Jankele, Radek; Gönczy, Pierre; Jelier, Rob (2021), Physically asymmetric division of the C. elegans zygote ensures invariably successful embryogenesis, Dryad, Dataset, https://doi.org/10.5061/dryad.ghx3ffbmx

Abstract

Asymmetric divisions that yield daughter cells of different sizes are frequent during early embryogenesis, but the importance of such a physical difference for successful development remains poorly understood. Here, we investigated this question using the first division of C. elegans embryos, which yields a large AB cell and a small P1 cell. We equalized AB and P1 sizes using acute genetic inactivation or optogenetic manipulation of the spindle positioning protein LIN-5. We uncovered that only some embryos tolerated equalization, and that there was a size asymmetry threshold for viability. Cell lineage analysis of equalized embryos revealed an array of defects, including faster cell cycle progression in P1 descendants, as well as defects in cell positioning, division orientation and cell fate. Moreover, equalized embryos were more susceptible to external compression. Overall, we conclude that unequal first cleavage is essential for invariably successful embryonic development of C. elegans.

Methods

3D time-lapse recordings of embryos expressing mCherry∷H2B in either wild-type or lin‑5(ev571) background were first pre-processed to enhance the nuclear signal and remove noise with the Noise2Void/CARE machine learning pipeline (Krull et al., 2019). Thereafter, a custom Fiji macro was used to correct the drift using the first polar body as a bright fiducial marker. The lineage was then traced using a level-set image segmentation and model evolution implemented in MATLAB (MathWorks, USA) as described previously (Dzyubachyk et al., 2010; Krüger et al., 2015), and corrected in the WormDeLux Java-based lineage editor (Jelier et al., 2016).
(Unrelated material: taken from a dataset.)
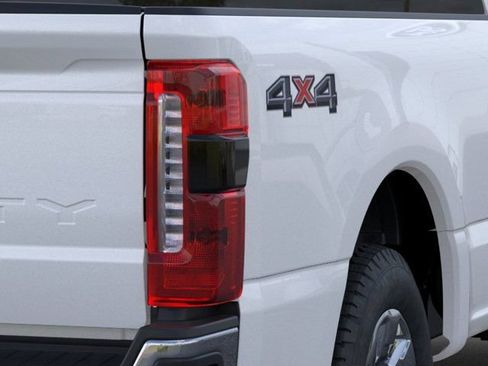 New 2026 Ford F350 Lariat w/ Lariat Premium Package AWD/4WD image 21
Results were exported in the StarryNite format (Bao and Murray, 2011). Cells were then automatically named in the lineage editor according to the canonical lineage (Sulston et al., 1983), and manually checked afterward for possible errors, especially in mutant embryos that often substantially deviated in division orientation and cell positioning from the wild-type model used for naming. 

As mentioned in the manuscript, the source code used for the analysis of deposited data is available at https://github.com/UPGON/worm-rules-eLife

R_00_import_Lineages.R was used to load and align data in time and space.

R_01_Analysis_pipeline.R contains code and links to an additional R files in the repo used for statistical analysis of the data.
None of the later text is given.